February 8, 2013

City appreciates voluntary water conservation

The Express-Star

CHICKASHA — All across the state of Oklahoma, residents are experiencing the effects of a drought, and although Grady County hasn't mandated water conservation, but residents are encouraged to help lower usage.

According to The Drought Impact Center, almost 95 percent of Oklahoma is in the extreme or exceptional drought conditions categories.

"It's something of concern, but at this point there is no mandatory conservation efforts," City manager Stewart Fairburn said. "But we sure would appreciate any voluntary effort from citizens."

With any drought situation no one should be wasting precious resources, Fairburn explained.

Knowing the importance of city involvement, Fairburn provided some suggestions for water conservation in Chickasha.

"Don't over water your lawn," Fairburn said. "Don't water in the middle of the day, it goes back into the atmosphere so quickly."

Always check for leaks, Fairburn suggested.
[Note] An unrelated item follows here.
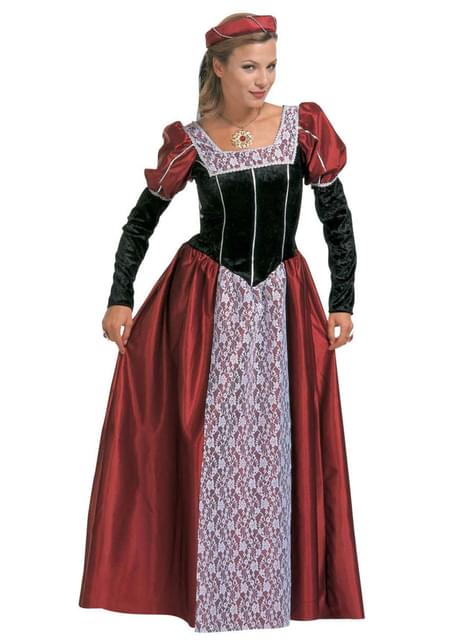 Disfraz de cortesana elegante para mujer talla extra grande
Toilet leaks use over a hundred gallons a day.

"It's very important to check for small leaks as well," Fairburn added.

Nearby cities such as Norman have implemented mandatory water conservation programs. Some of the required rules include no outdoor watering or irrigation is allowed between the hours 9 a.m. and 6 p.m. Washing of cars, trucks, trailers or other vehicles is prohibited unless these items are taken to a commercial car wash. Washing or hosing down buildings, sidewalks or any parking areas is also prohibited.

Due to Grady County's current drought, The Grady County Farm Service Agency was recently approved for an Emergency Conservation Program.

According to Fairburn the city is looking into some formal programs.